*TO DO*: Only the lines from the one containing "OEM downpipe for" through the end of the listing belong in the answer, repeated exactly, with no pictures.

*DATA TO EXAMINE*:
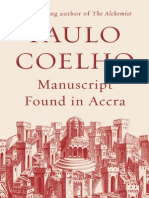 128746710 Manuscript Found in Accra by Paulo Coelho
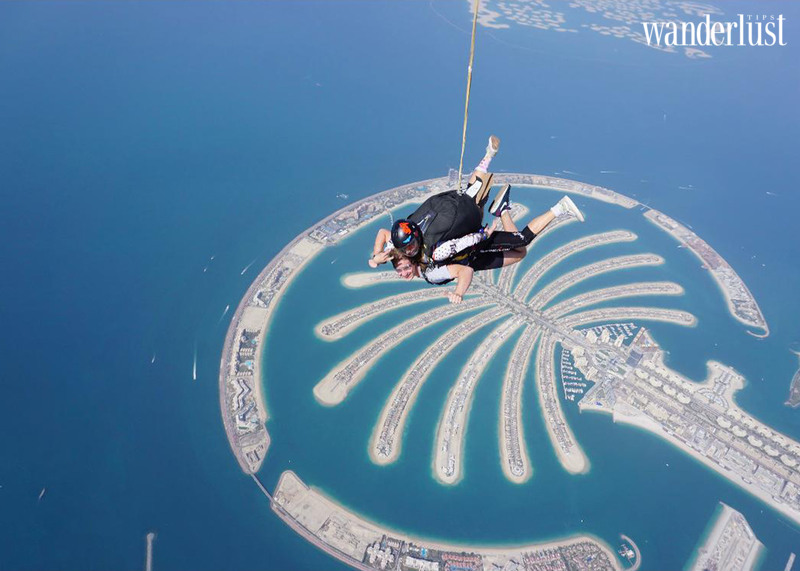 Dubai: Nắng, gió, sa mạc và những trải nghiệm khó quên 9 Nắng, gió, sa mạc và những trải nghiệm khó quên tại Dubai | Wanderlust Tips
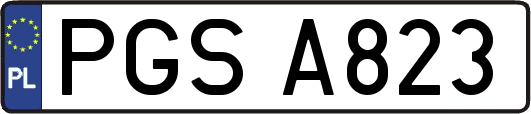 PGSA823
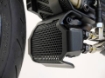 Afbeeldingen van Oliekoelercover zwart Evotech Performance Ducati Hypermotard 950 '19-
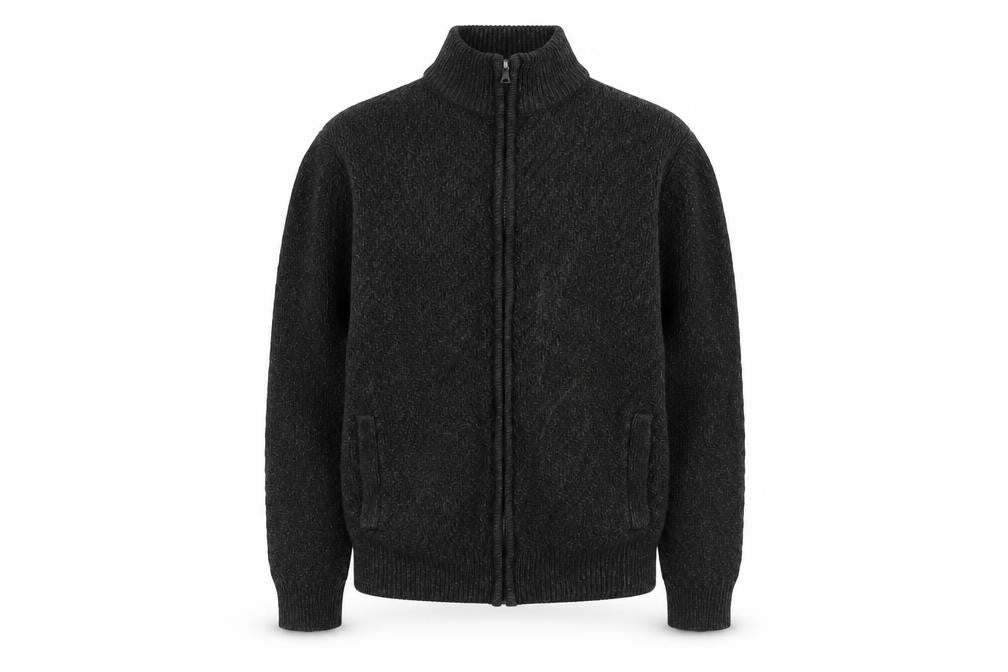 Marks and Spencer Womens Green   Full Zip Jumper Size M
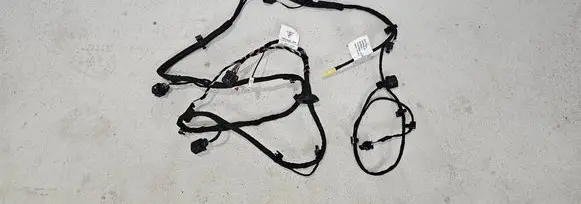 Porsche Macan (95B) Parking sensor (PDC) wiring loom 95B971104AS 95B955941C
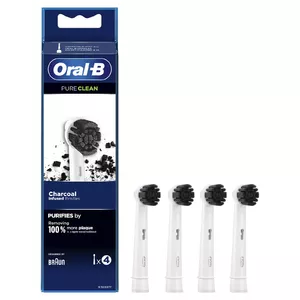 Toothbrush Head Oral-B Precision Clean 80349854 1 pc Blue Red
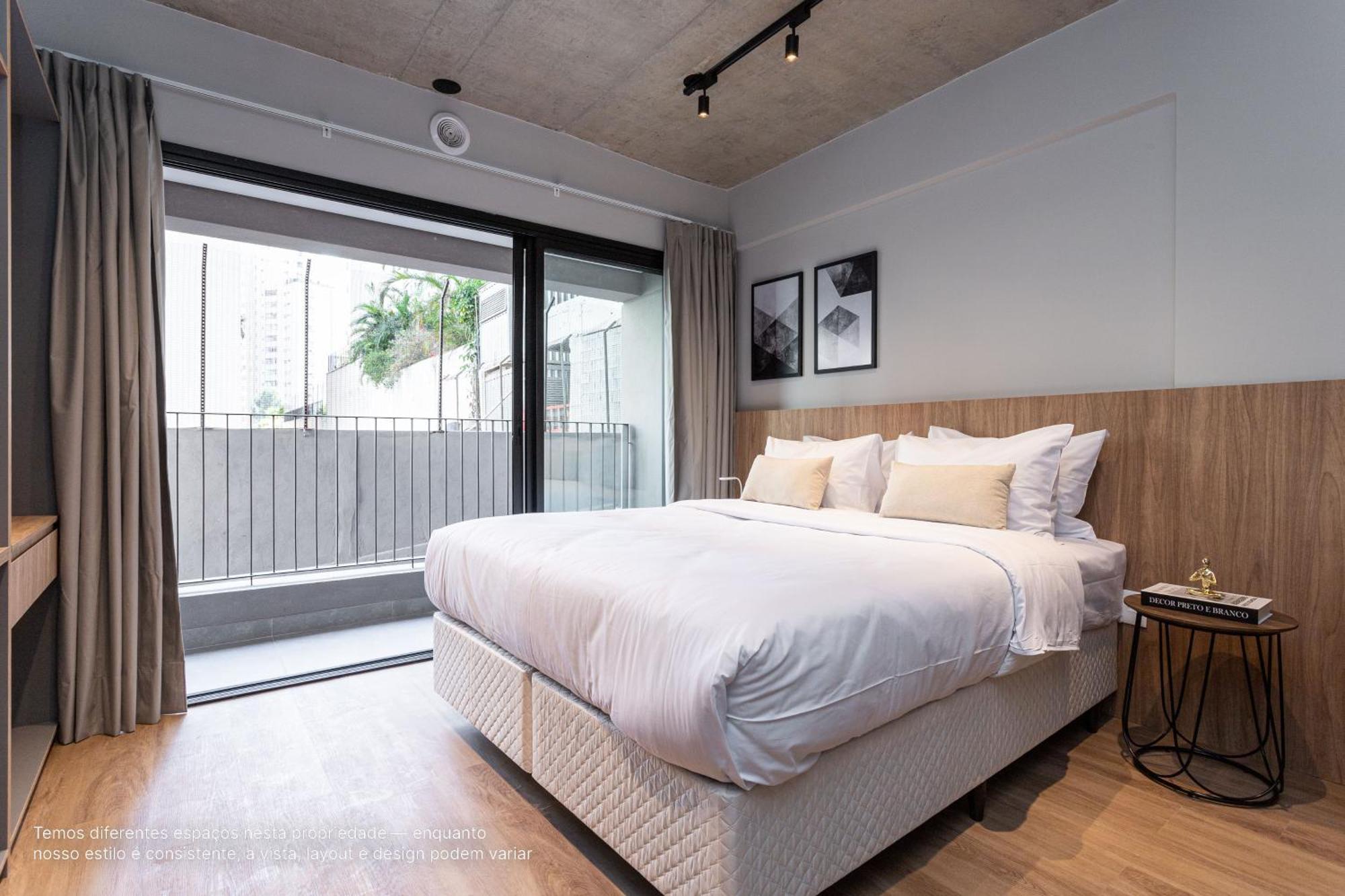 Apartamentos Completos Novos Ao Lado Da Av Paulista E Masp - Next Paulista São Paulo Kültér fotó
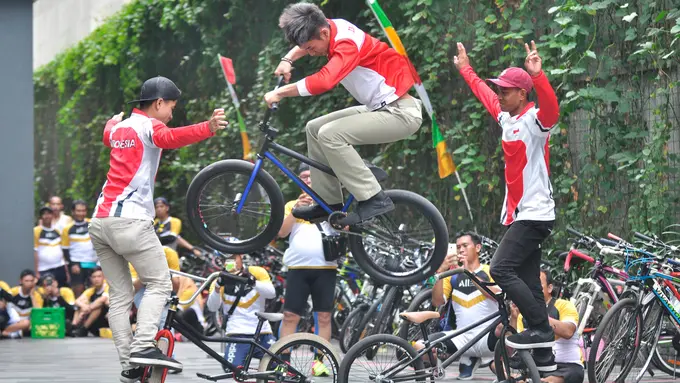 Ulang tahun ke-7 Grand Mercure Jakarta Harmoni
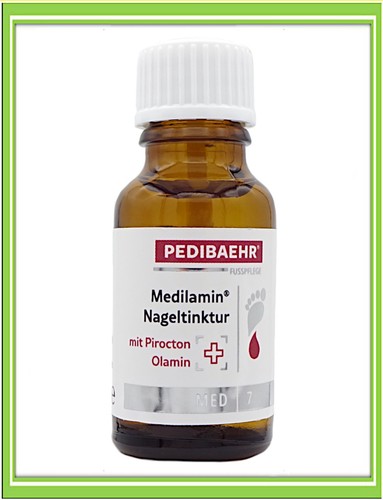 Pedibaehr medilamin - pedibaehr,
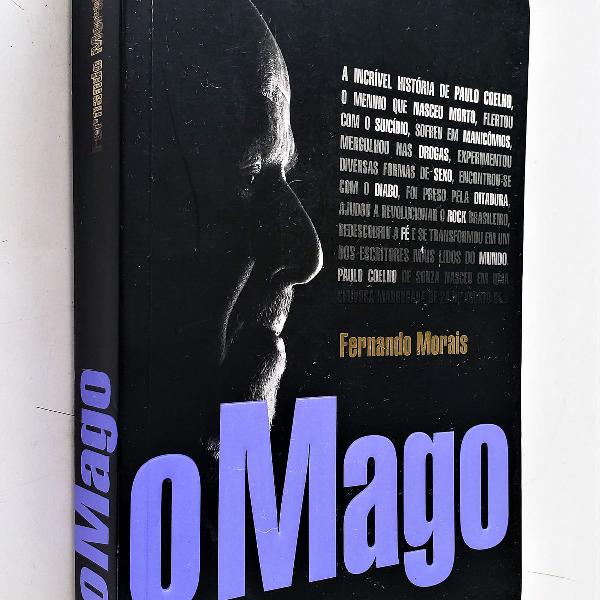 o mago - fernando morais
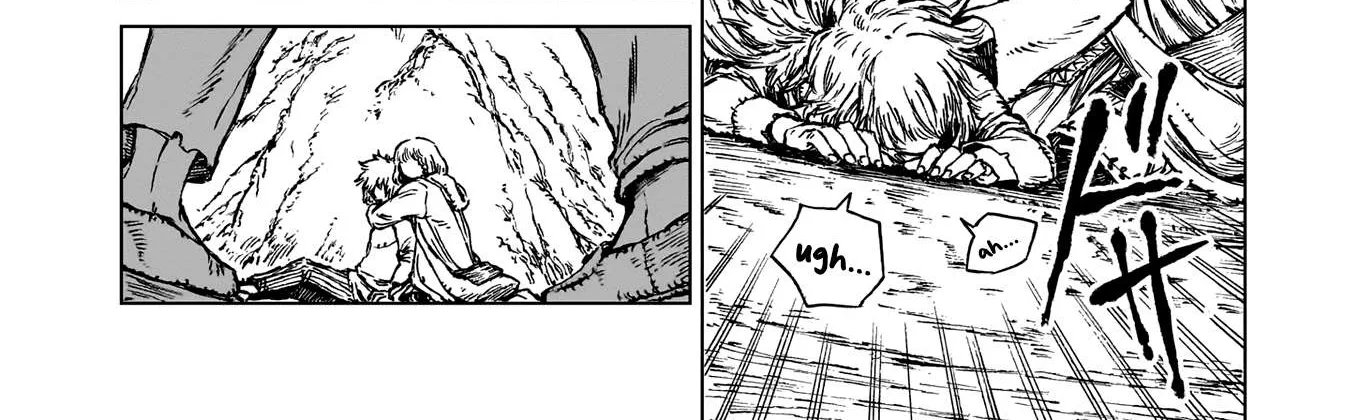 Majo no Eden Chapter 4 page 48 - 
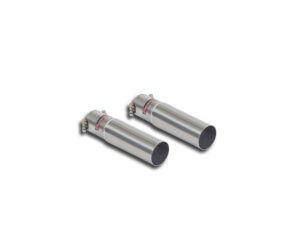 OEM downpipe for Alpina BMW ALPINA 5 Series (E28) ALPINA B7 (E28) 3.5 Turbo (6 cil.) ' 84 - ' 87 SuperSprint Connecting pipes Kit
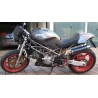 Thunder Carbon Haut Roadsitalia Ducati Monster 600 620 695 750 800 900 1000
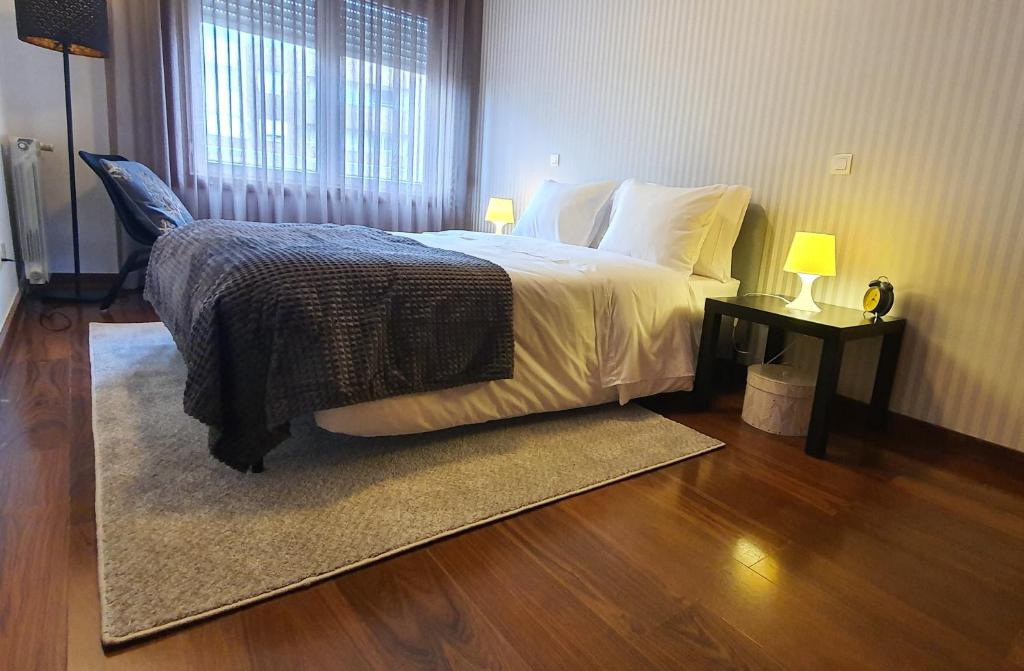 Appartement VIVER D'AMOR Oporto Douro River Flat Rua Manuel Moreira de Barros, 621 Bloco A1. 1.3 4400-346 Vila Nova de Gaia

*WRITTEN SOLUTION*:
 OEM downpipe for Alpina BMW ALPINA 5 Series (E28) ALPINA B7 (E28) 3.5 Turbo (6 cil.) ' 84 - ' 87 SuperSprint Connecting pipes Kit
 Thunder Carbon Haut Roadsitalia Ducati Monster 600 620 695 750 800 900 1000
 Appartement VIVER D'AMOR Oporto Douro River Flat Rua Manuel Moreira de Barros, 621 Bloco A1. 1.3 4400-346 Vila Nova de Gaia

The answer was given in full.